July 28, 2016

Spark Structured Streaming

by Matei Zaharia, Tathagata Das, Michael Lumb and Reynold Xin

Free Edition has replaced Community Edition, offering enhanced features at no cost. Start using Free Edition today.

Apache Spark 2.0 adds the first version of a new higher-level API, Structured Streaming, for building continuous applications. The main goal is to make it easier to build end-to-end streaming applications, which integrate with storage, serving systems, and batch jobs in a consistent and fault-tolerant way. In this post, we explain why this is hard to do with current distributed streaming engines, and introduce Structured Streaming.

Why Streaming is Difficult

At first glance, building a distributed streaming engine might seem as simple as launching a set of servers and pushing data between them. Unfortunately, distributed stream processing runs into multiple complications that don’t affect simpler computations like batch jobs.

To start, consider a simple application: we receive (phone_id, time, action) events from a mobile app, and want to count how many actions of each type happened each hour, then store the result in MySQL. If we were running this application as a batch job and had a table with all the input events, we could express it as the following SQL query:

In a distributed streaming engine, we might set up nodes to process the data in a "map-reduce" pattern, as shown below. Each node in the first layer reads a partition of the input data (say, the stream from one set of phones), then hashes the events by (action, hour) to send them to a reducer node, which tracks that group’s count and periodically updates MySQL.

Unfortunately, this type of design can introduce quite a few challenges:

Consistency: This distributed design can cause records to be processed in one part of the system before they’re processed in another, leading to nonsensical results. For example, suppose our app sends an "open" event when users open it, and a "close" event when closed. If the reducer node responsible for "open" is slower than the one for "close", we might see a higher total count of "closes" than "opens" in MySQL, which would not make sense. The image above actually shows one such example.
Fault tolerance: What happens if one of the mappers or reducers fails? A reducer should not count an action in MySQL twice, but should somehow know how to request old data from the mappers when it comes up. Streaming engines go through a great deal of trouble to provide strong semantics here, at least within the engine. In many engines, however, keeping the result consistent in external storage is left to the user.
Out-of-order data: In the real world, data from different sources can come out of order: for example, a phone might upload its data hours late if it's out of coverage. Just writing the reducer operators to assume data arrives in order of time fields will not work---they need to be prepared to receive out-of-order data, and to update the results in MySQL accordingly.
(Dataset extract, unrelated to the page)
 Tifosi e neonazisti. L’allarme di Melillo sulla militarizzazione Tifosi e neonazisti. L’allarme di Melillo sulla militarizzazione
In most current streaming systems, some or all of these concerns are left to the user. This is unfortunate because these issues---how the application interacts with the outside world---are some of the hardest to reason about and get right. In particular, there is no easy way to get semantics as simple as the SQL query above.

Structured Streaming Model

In Structured Streaming, we tackle the issue of semantics head-on by making a strong guarantee about the system: at any time, the output of the application is equivalent to executing a batch job on a prefix of the data. For example, in our monitoring application, the result table in MySQL will always be equivalent to taking a prefix of each phone’s update stream (whatever data made it to the system so far) and running the SQL query we showed above. There will never be "open" events counted faster than "close" events, duplicate updates on failure, etc. Structured Streaming automatically handles consistency and reliability both within the engine and in interactions with external systems (e.g. updating MySQL transactionally).
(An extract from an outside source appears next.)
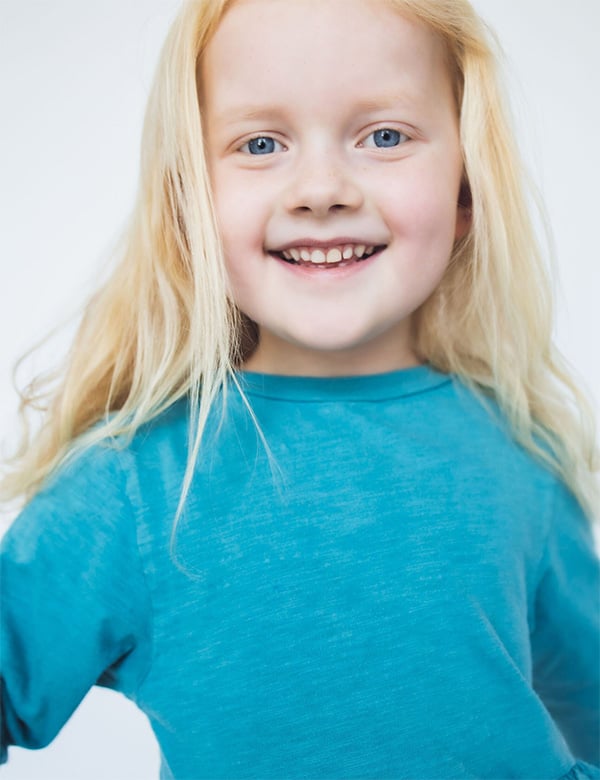 Kindermodel met blond haar Dominique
This prefix integrity guarantee makes it easy to reason about the three challenges we identified. In particular:

Output tables are always consistent with all the records in a prefix of the data. For example, as long as each phone uploads its data as a sequential stream (e.g., to the same partition in Apache Kafka), we will always process and count its events in order.
Fault tolerance is handled holistically by Structured Streaming, including in interactions with output sinks. This was a major goal in supporting continuous applications.
The effect of out-of-order data is clear. We know that the job outputs counts grouped by action and time for a prefix of the stream. If we later receive more data, we might see a time field for an hour in the past, and we will simply update its respective row in MySQL. Structured Streaming also supports APIs for filtering out overly old data if the user wants. But fundamentally, out-of-order data is not a "special case": the query says to group by time field, and seeing an old time is no different than seeing a repeated action.
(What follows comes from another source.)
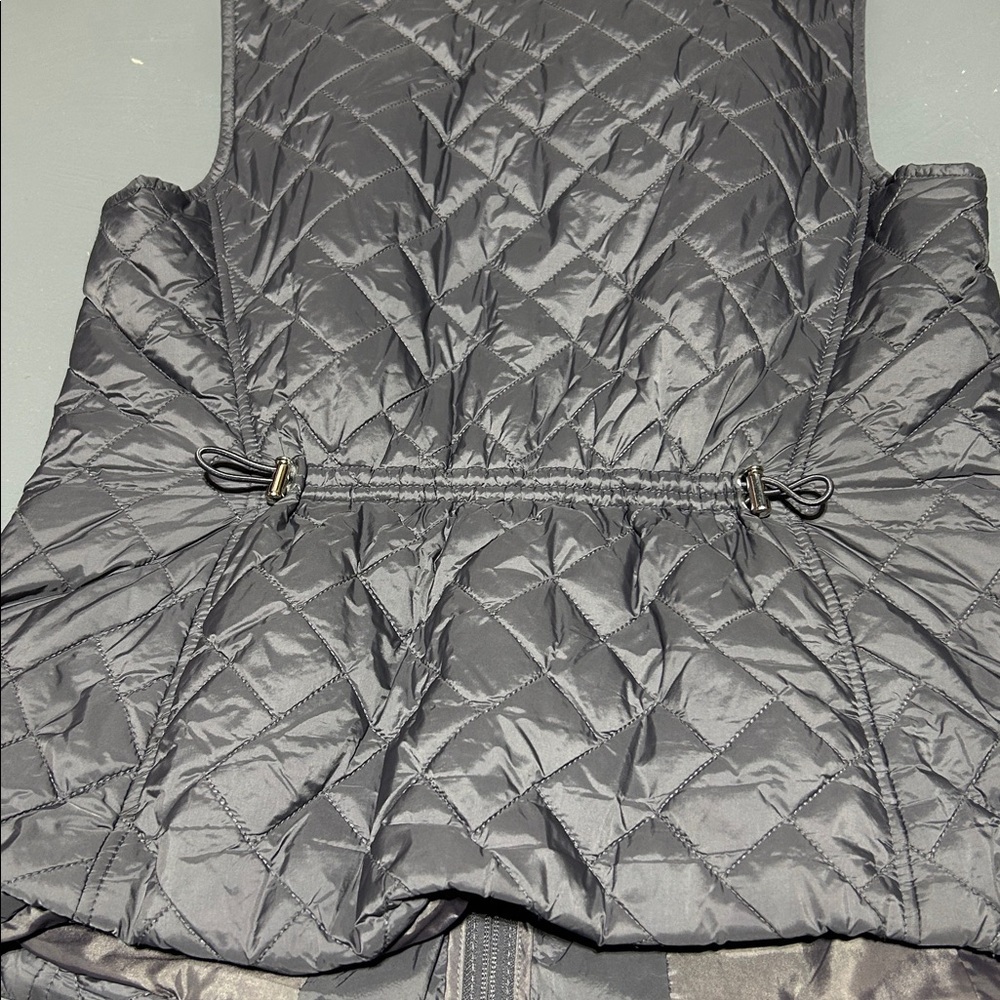 Croft & Barrow Gray Quilted Diamond Pattern Lightweight Vest Jacket (Women’s M) - Picture 9 of 10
The last benefit of Structured Streaming is that the API is very easy to use: it is simply Spark's DataFrame and Dataset API. Users just describe the query they want to run, the input and output locations, and optionally a few more details. The system then runs their query incrementally, maintaining enough state to recover from failure, keep the results consistent in external storage, etc. For example, here is how to write our streaming monitoring application:

This code is nearly identical to the batch version below---only the "read" and "write" changed:

The next sections explain the model in more detail, as well as the API.

Model Details

Conceptually, Structured Streaming treats all the data arriving as an unbounded input table. Each new item in the stream is like a row appended to the input table. We won’t actually retain all the input, but our results will be equivalent to having all of it and running a batch job.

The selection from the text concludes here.